Gun fighting -- Island style
By Lt. Col. Kevin McFatridge, 388th Electronic Combat Squadron / Published September 18, 2009
NAVAL AIR STATION WHIDBEY ISLAND, Wash. --
All Gunfighters don't work at Mountain Home Air Force Base, or even live near an Air Force base for that matter. On the far side of Washington State at Whidbey Island Naval Air Station, there is a group of Gunfighters living and working with the Navy flying the EA-6B Prowler.
For the 24 members of the 388th Electronic Combat Squadron, being a geographically separated unit of the 366th Operations Group is everyday business.
If you've never heard of the 388th ECS, you're not the only one. Even after 15 years of flying at Whidbey, more often than not we have to let people know who we are and where we're coming from when we get a chance to make it over to Mountain Home.
Air Force officers have been flying the EA-6B at Whidbey Island since 1995 after the Department of Defense decided to retire the EF-111 Raven and turn all tactical electronic attack responsibilities over to the Navy. The Navy needed more aircrew to fulfill the mission, and the Air Force had former EF-111 and F-4G Phantom aircrew available following the retirement of those airframes. Thus the Air Force would supply aircrew to the Navy, which allowed for the complete retirement of the EF-111, and more importantly, allowed the Air Force to maintain a small cadre of experienced electronic combat aircrew.

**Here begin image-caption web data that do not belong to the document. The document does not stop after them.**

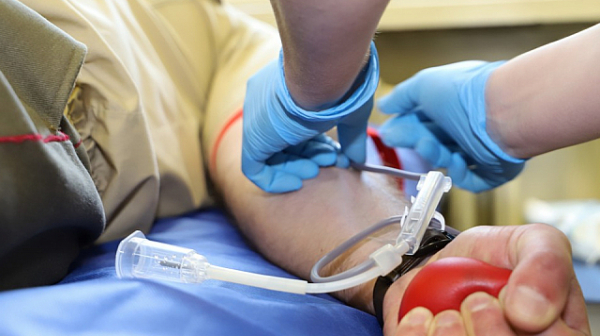 Патоанатом разкри: Covid-19 най-опасен за хора с кръвна група А, най-малка опасност за нулева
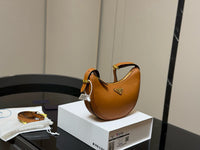 Arqué Shoulder Bag
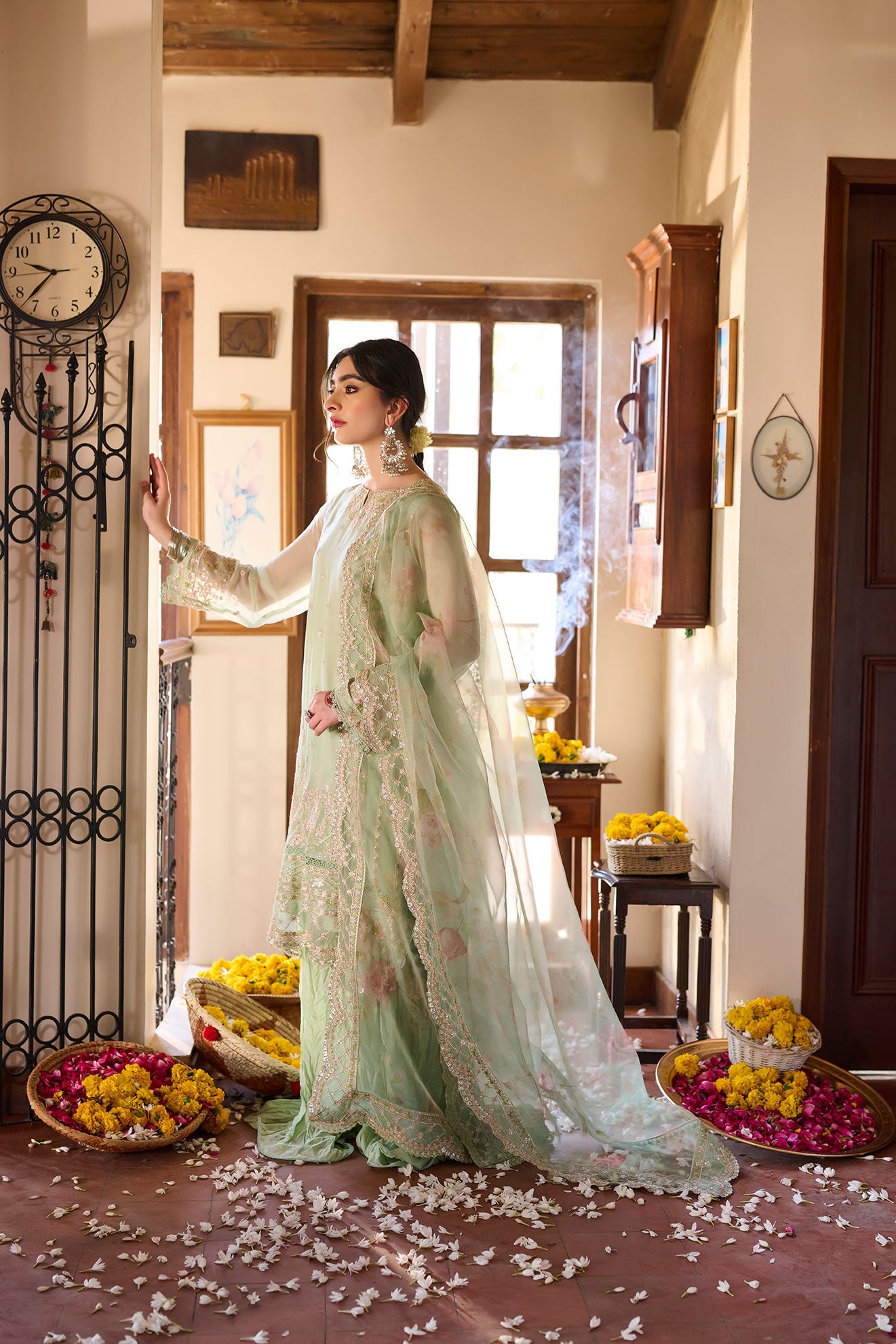 SS24DA-2362   LIGHT GREEN  2PCS  EMBROIDERED KURTA WITH TROUSER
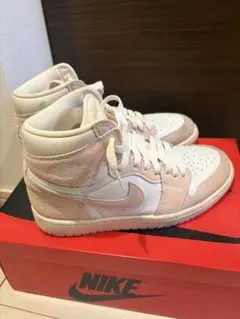 Air Jordan 1 Retro High OG ジョーダンワンピンク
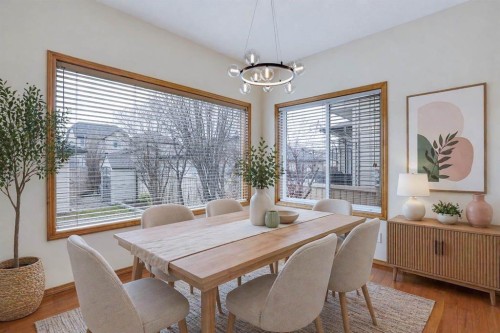 43 Elgin View Se, Calgary, AB - Indoor Photo Showing Dining Room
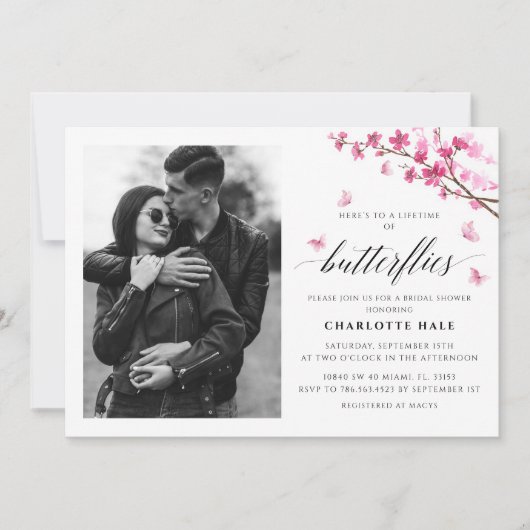 Hij geeft me vlinders bloemenroze Vrijgezellenfees Kaart (Voorkant)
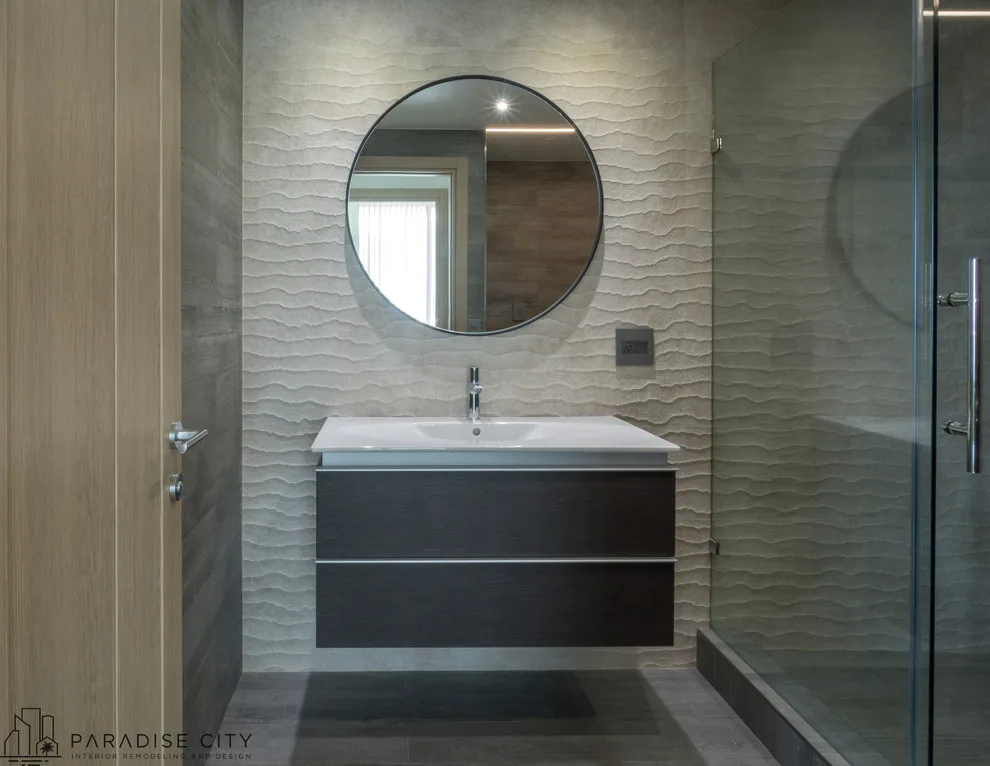 Dual Texture Bathroom by Paradise City - Photo 3
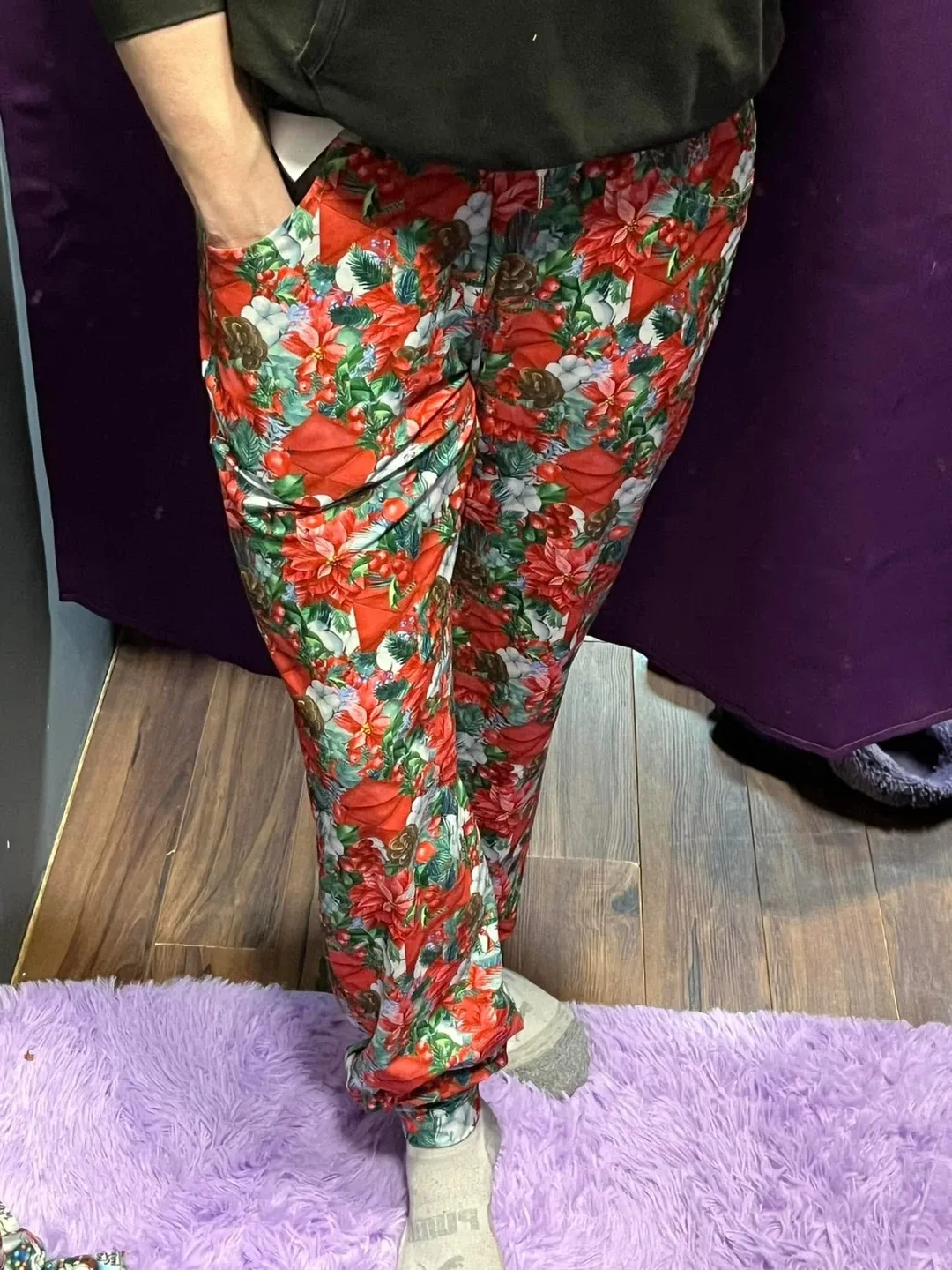 Poinsettia Joggers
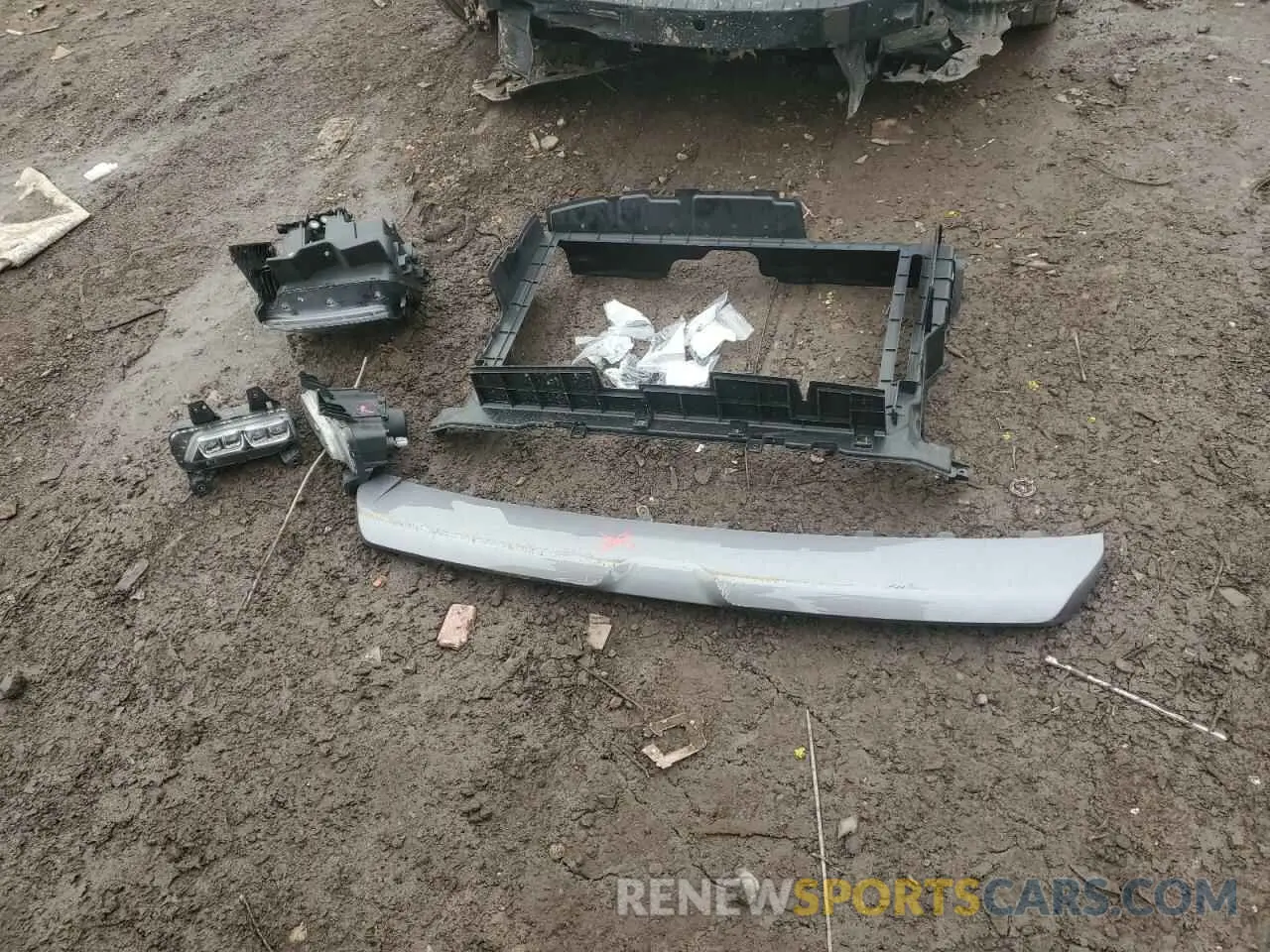 13 Photograph of a damaged car 5XYP5DHC2NG294671 KIA TELLURIDE 2022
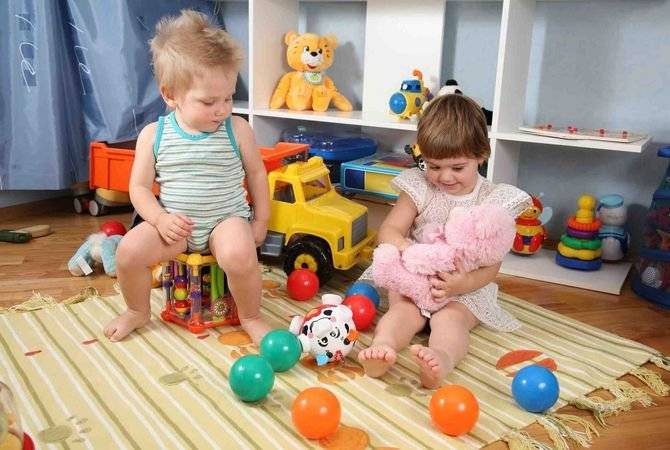 Die Kinder spielen.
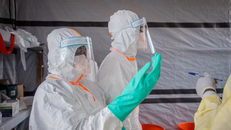 Nhân viên y tế làm việc tại trung tâm điều trị Ebola ở Bunia, tỉnh Ituri, CHDC Congo. 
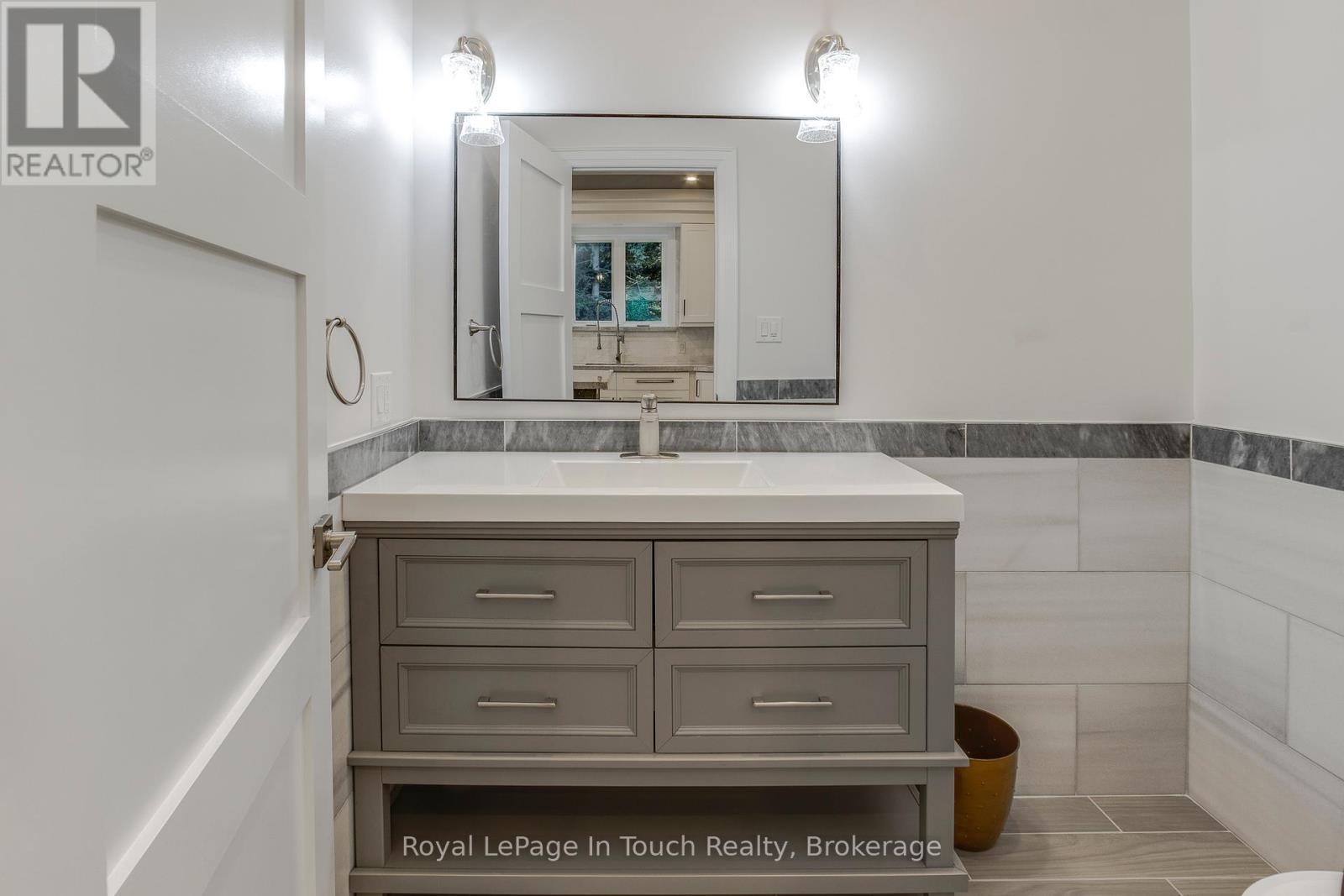 












9 BELCOURT CRESCENT

,
Tiny,




Ontario
L9M0M7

Through the years, though there have been numerous changes, the basic support of the mission has remained the same. The squadron initially stood up as a detachment of Cannon Air Force Base, N.M., in 1995, but transitioned to a detachment of the 366th OG from Mountain Home in 1997 where it remained a detachment until 2003, when it was once again re-designated the 388th ECS "Griffins" -- resurrecting the heritage of the EF-111 squadron that had been assigned to Mountain Home in the early 1980s.
For the first eight years of existence, both pilots and electronic warfare officers were assigned to Whidbey Island, but after 2003 Air Force pilots were transitioned out, leaving only EWOs. Throughout the history of the joint program, numerous platforms have been represented in the squadron, including EF-111, F-4G, F-15C, F-15E, F-16, A-10, B-1, B-52, RC-135, EC-130, AC-130 and RQ-1.
Members of the squadron are attached to one of three, land-based Expeditionary EA-6B squadrons, and are totally integrated into their Navy squadrons, fulfilling all the jobs their Navy counterparts do, including serving as department heads and administration or maintenance division officers providing them with unique opportunities they would not have in Air Force squadrons. The expeditionary squadrons have supported every contingency operation since 1996, including Operation Northern Watch, Operation Southern Watch, Desert Fox and Allied Force. Since 2002, there have been members of the 388th ECS deployed continuously supporting Operation Enduring Freedom and Operation Iraqi Freedom from bases within Afghanistan and Iraq.
For the approximately 120 Griffins past and present, the opportunity to support the war fighters of all services, as well as our coalition partners, as the only remaining tactical electronic warfare platform in the Air Force is worth the anonymity.